Eu, que até aqui já me encontrava nauseada, contive agora o vómito. Odeio baratas.
Todas as conjecturas e metáforas à volta da barata exacerbaram o meu desconforto abdominal.
Poupando o leitor, enumero apenas algumas descrições sobre a barata:  "uma cariátide viva"; "Ela era arruivada. E toda cheia de cílios"; "os olhos eram radiosos e negros. Olhos de noiva"; "Vista de perto, a barata é um objecto de grande luxo. Uma noiva de pretas jóias".
Vacilei realmente quando a barata foi entalada entre as portas do armário e em todos os "milímetro grosso de matéria branca espremeu-se para fora" das páginas seguintes.
Os olhos da barata como ovários férteis revolveram-me. Já havia passado por estes sentimentos em 2010, denunciam os bilhetes de barco Millazo-Volcano, Volcano-Salina e o postal das Eolie escondidos entre páginas numa tentativa de suavizar a odisseia. Nessa altura, não logrei o objectivo de alcançar o fim, descolei apenas os bordos do penso. Mas agora, estóica e idiota, concluí o processo numa madrugada.
G.H. fantasiou que ia jantar crevettes fora com amigos e, gulosa (acrescento eu, que todo o evento carece realmente de tom humorístico), comeu a barata.
"Eu estava comendo a mim mesma, que também sou matéria viva."

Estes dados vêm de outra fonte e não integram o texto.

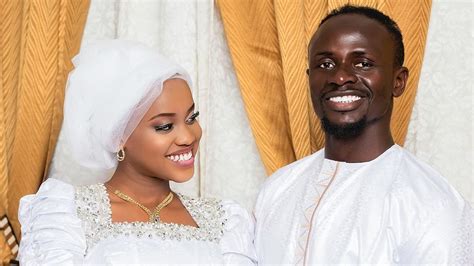 Sadio Mane “marries his 18 year old long term girlfriend” | FMTTM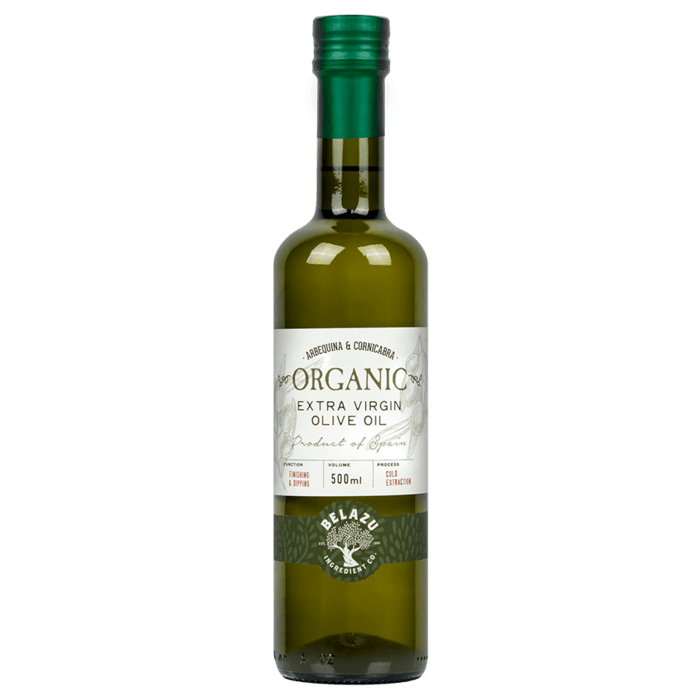 Belazu Organic Extra Virgin Olive Oil (500ml) | {{ collection.title }}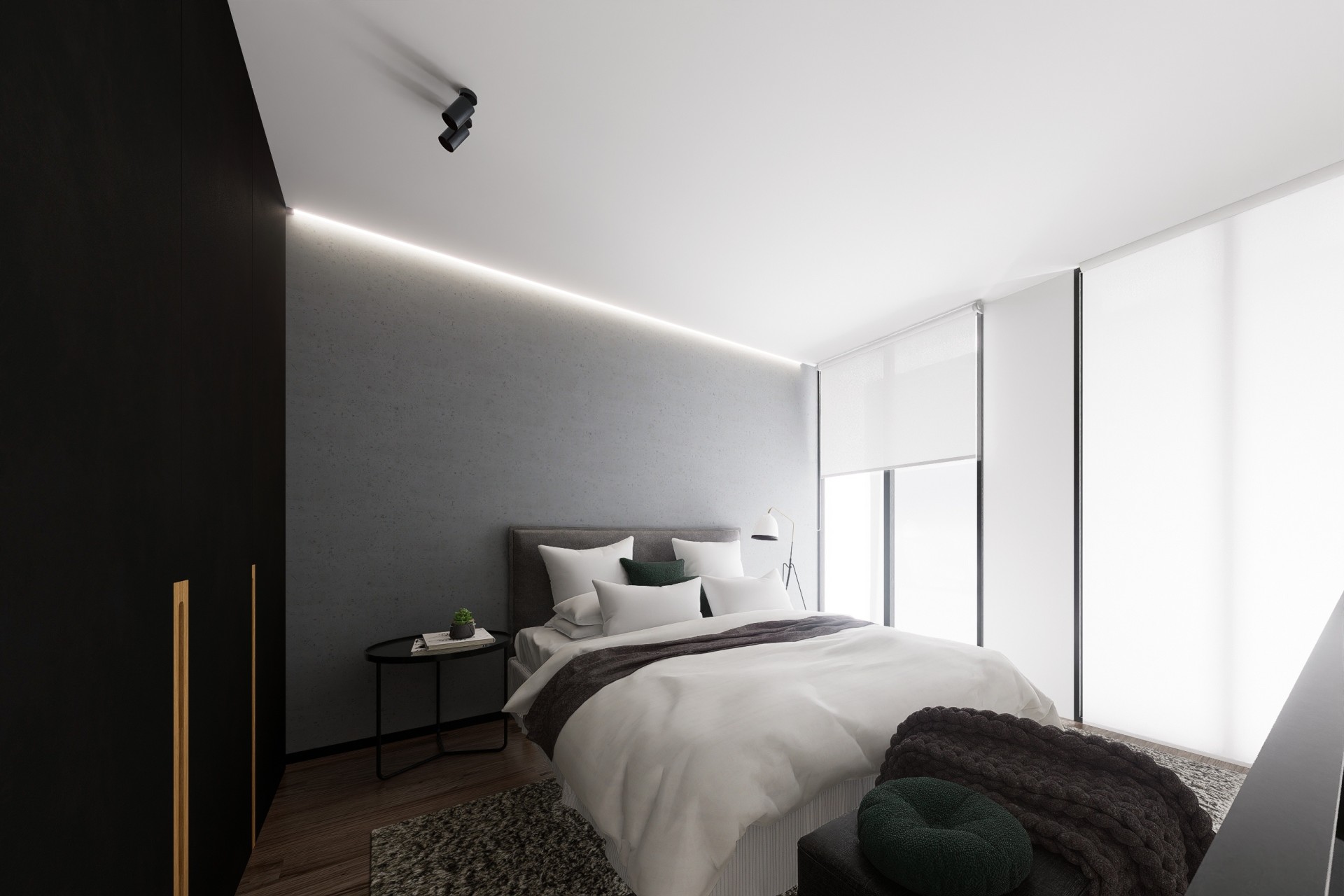 New Build - Wohnung / Apartment -
Alicante - Alicante (Alacant)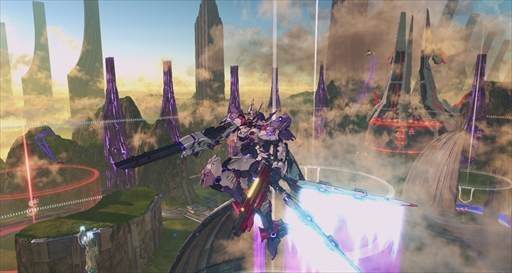 画像ギャラリー No.006のサムネイル画像 / ハイスピード対戦メカアクション「星と翼のパラドクス」，「ワンダーフェスティバル[夏]2018」と「C3AFA TOKYO 2018」に試遊台の出展が決定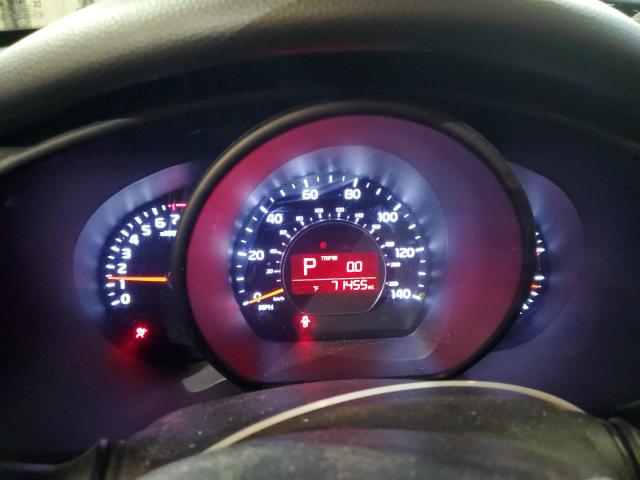 2016 KIA SOUL - KNDJN2A22G7279583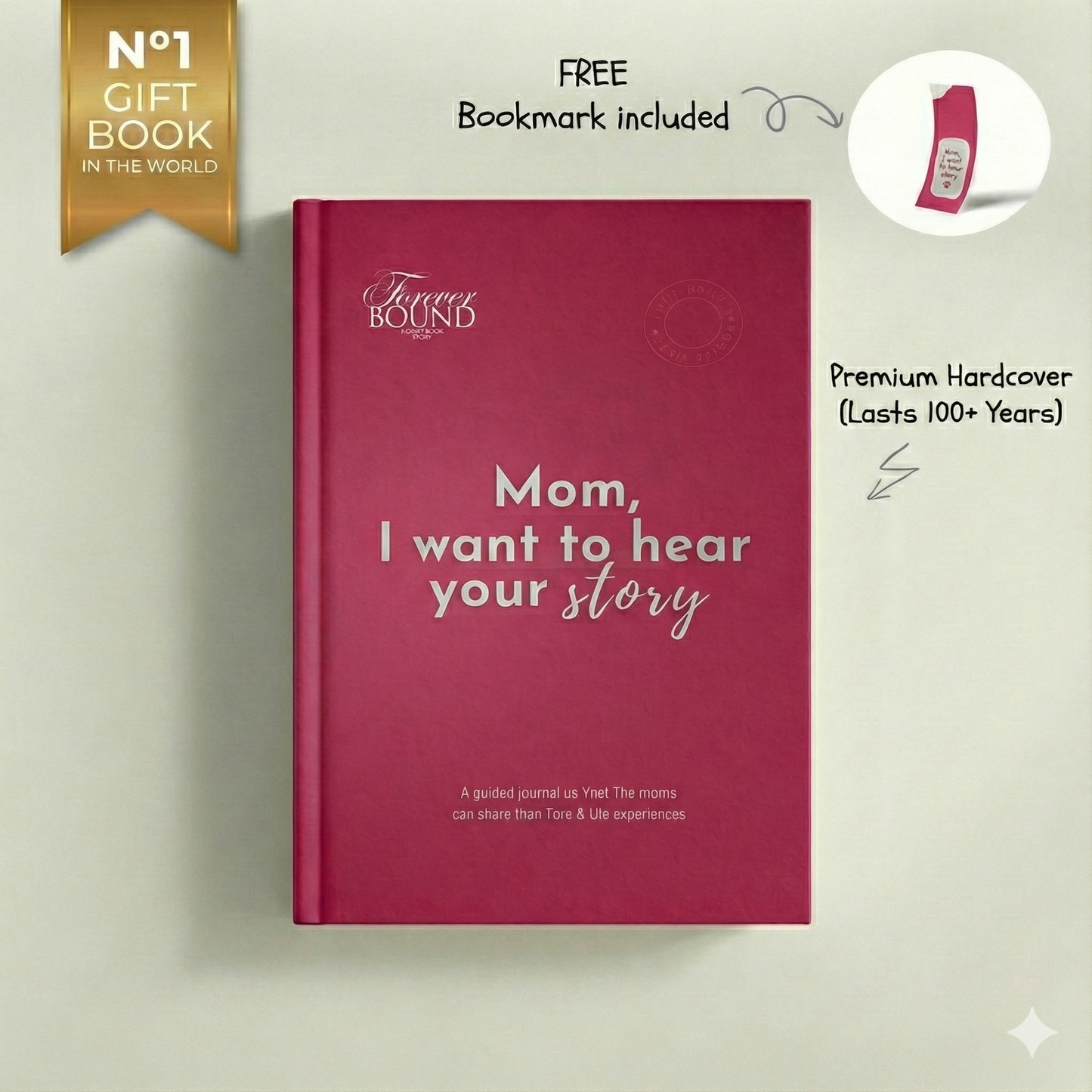 Mom Tell me Your Story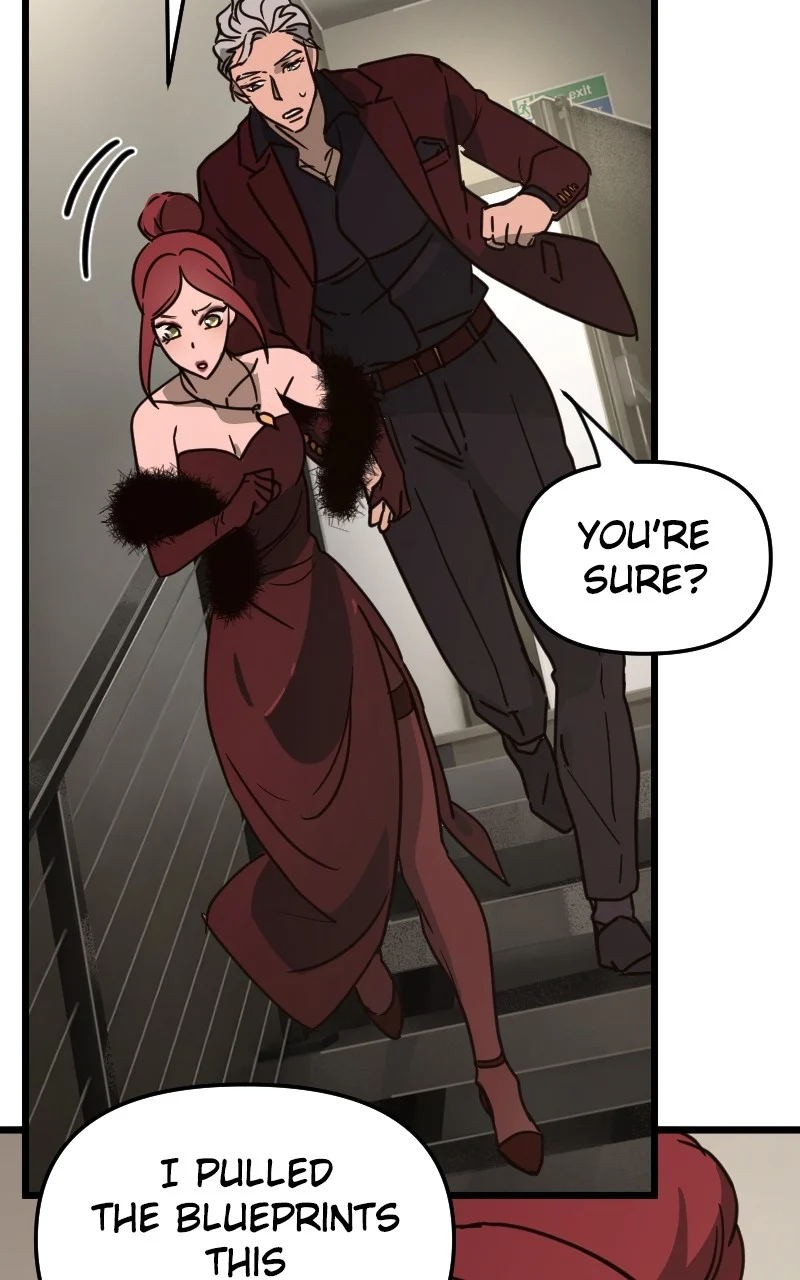 The Mafia Nanny chapter 36 page 6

A lição ou em jeito de conclusão:
Clarice Lispector, sua pretensiosa, tiras-me o ar.
De relevante, apenas tenho a dizer: Vá si fudê, C.L., e ainda G.H. e suas estúpidas valises.
Abandonei o meu plano estruturado.
Vou-me dedicar à actualidade.


1 comentário:

Anónimo disse...

gostei, só isso.
sem comentários a tentar ser inteligentes!